Task prompt: Transcribe the entries below exactly from their first line through the line containing "VIHM U Shaped", and let no picture into the copy.
'''
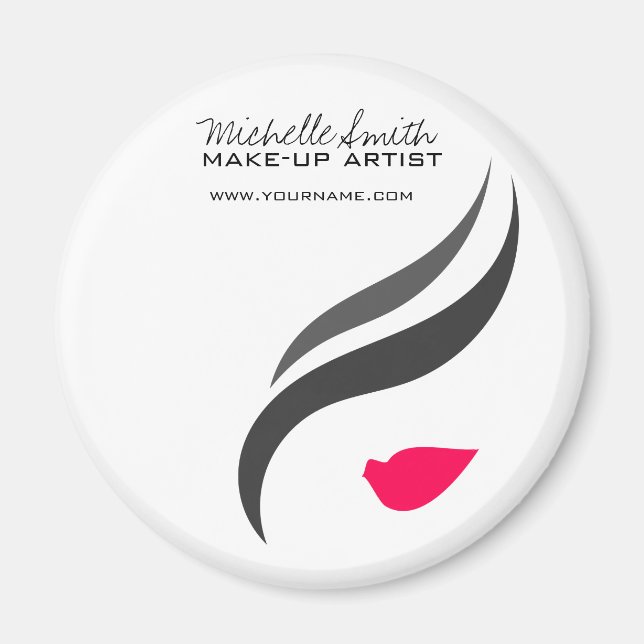 Makeup Icon Woman face in black white pink lips Magnet (Front)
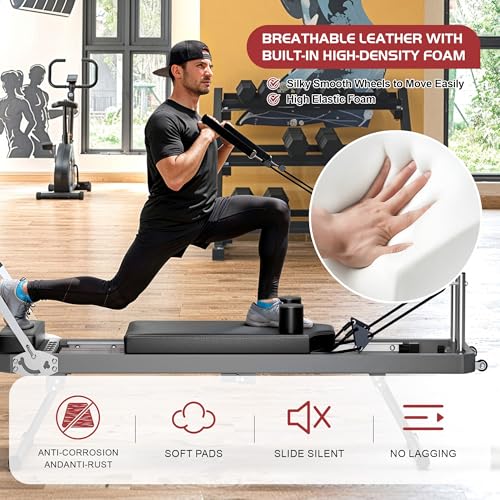 Casaphoria 87'' Professional Pilates Reformer, Foldable Pilates Machine for Home Studio, Includes Reformer Board and Springs, Max Capacity 395 lbs(Black)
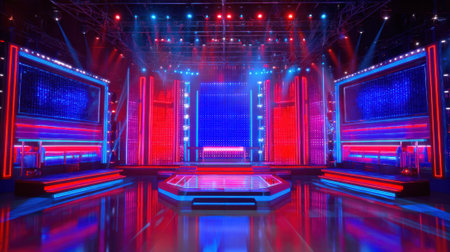 Bright lights illuminate a dynamic stage setting the scene for a thrilling competition in an energetic atmosphere.の素材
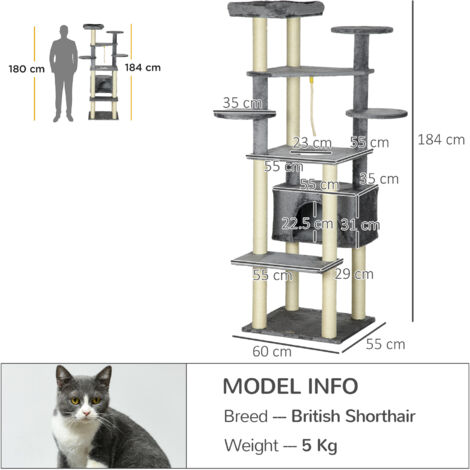 PawHut 184cm Cat Tree for Indoor Cats, Modern Cat Tower with Cat Bed - Grey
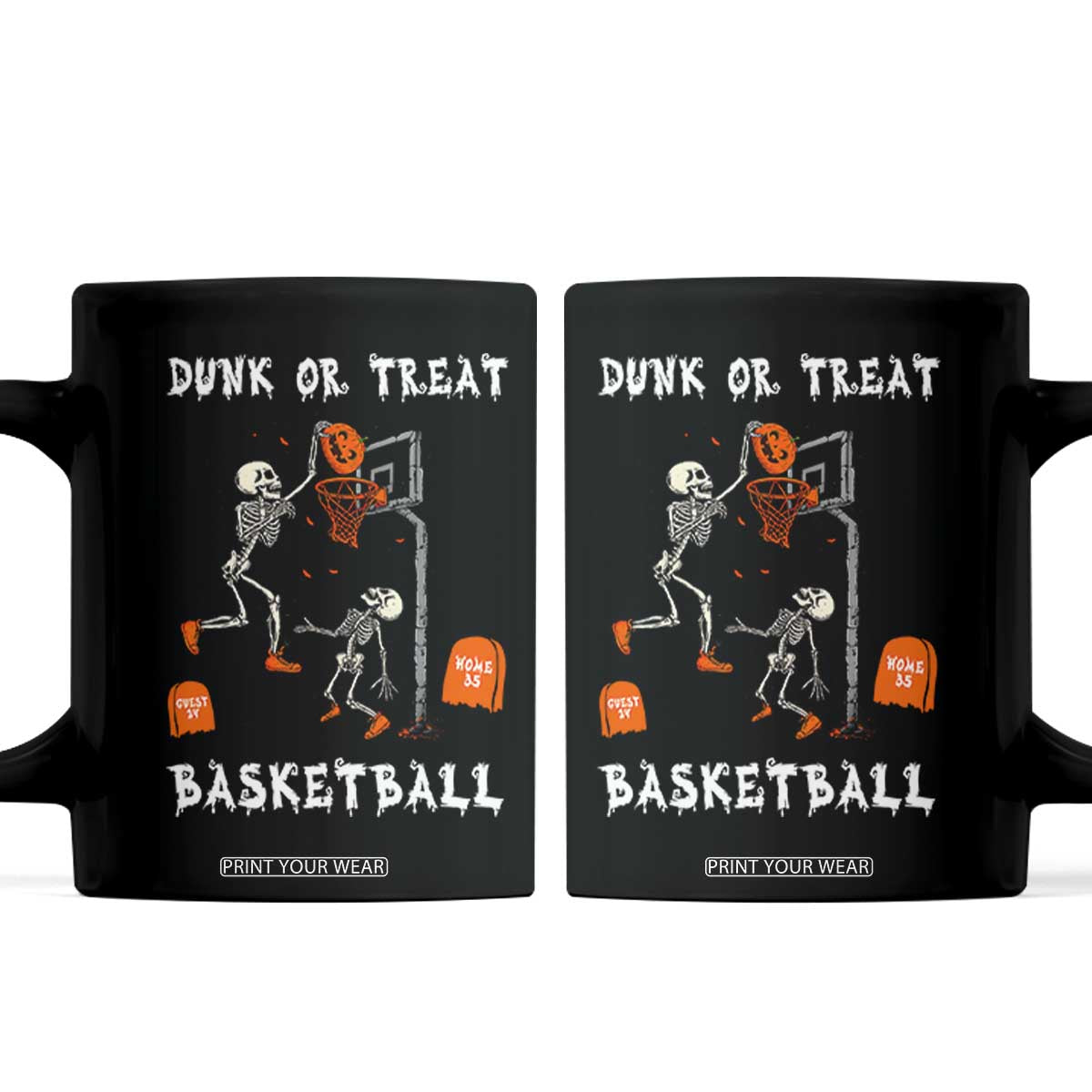 Halloween Skeleton Basketball Coffee Mug Funny Basketballer Sports Player TS10 Black Print Your Wear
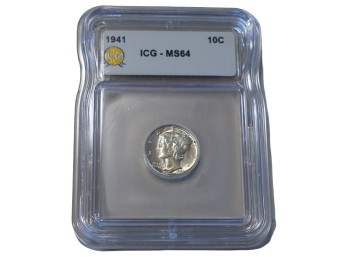 1941 Mercury Dime ICG MS 64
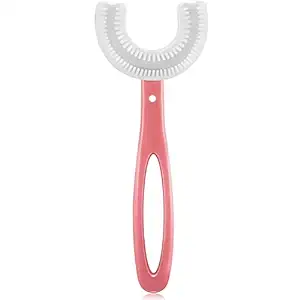 VIHM U Shaped Toothbrush for Kids Manual Whitening Toothbrush Silicone Brush Head for Kids Children Infant Toothbrush For 2-6 Years Mouth-Cleaning (PINK)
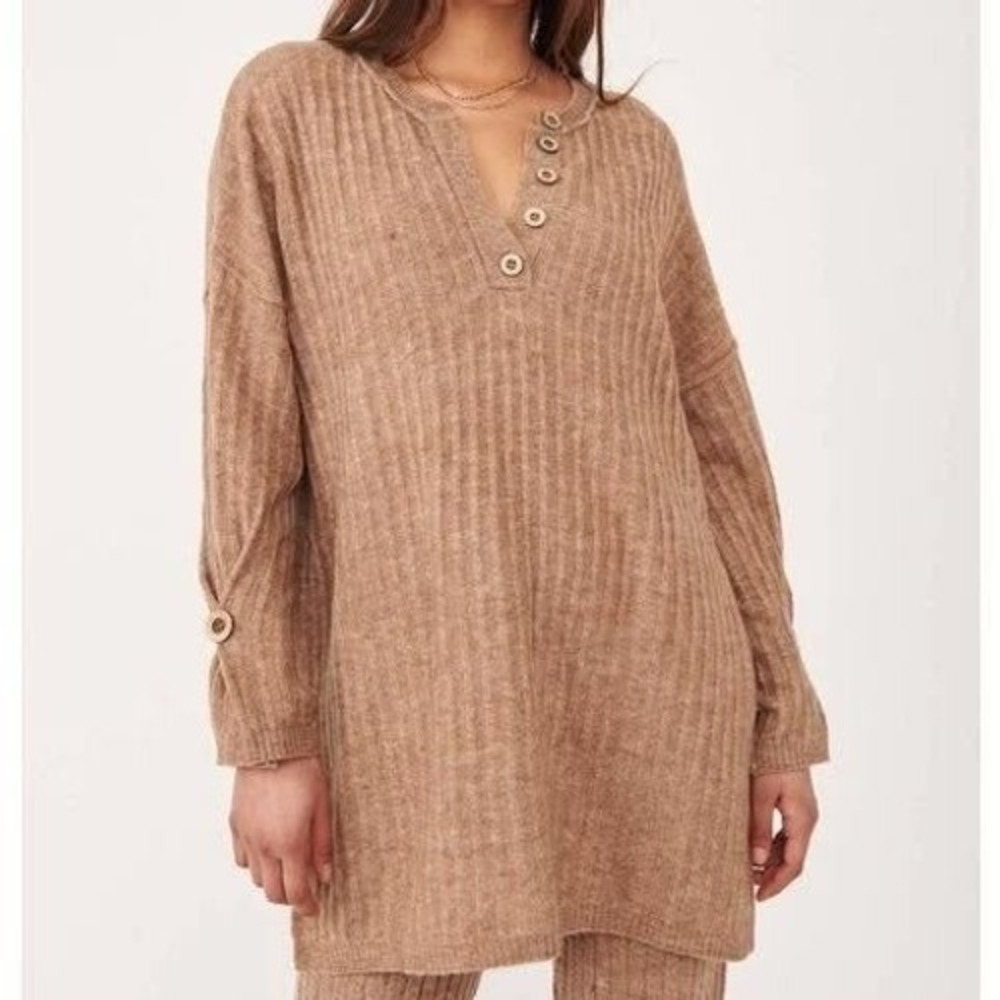 Intimately Free People Henley Sweater Women M Brown Cabincore Leisure Loungewear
'''
Written answer:
 Makeup Icon Woman face in black white pink lips Magnet (Front)
 Casaphoria 87'' Professional Pilates Reformer, Foldable Pilates Machine for Home Studio, Includes Reformer Board and Springs, Max Capacity 395 lbs(Black)
 Bright lights illuminate a dynamic stage setting the scene for a thrilling competition in an energetic atmosphere.の素材
 PawHut 184cm Cat Tree for Indoor Cats, Modern Cat Tower with Cat Bed - Grey
 Halloween Skeleton Basketball Coffee Mug Funny Basketballer Sports Player TS10 Black Print Your Wear
 1941 Mercury Dime ICG MS 64
 VIHM U Shaped Toothbrush for Kids Manual Whitening Toothbrush Silicone Brush Head for Kids Children Infant Toothbrush For 2-6 Years Mouth-Cleaning (PINK)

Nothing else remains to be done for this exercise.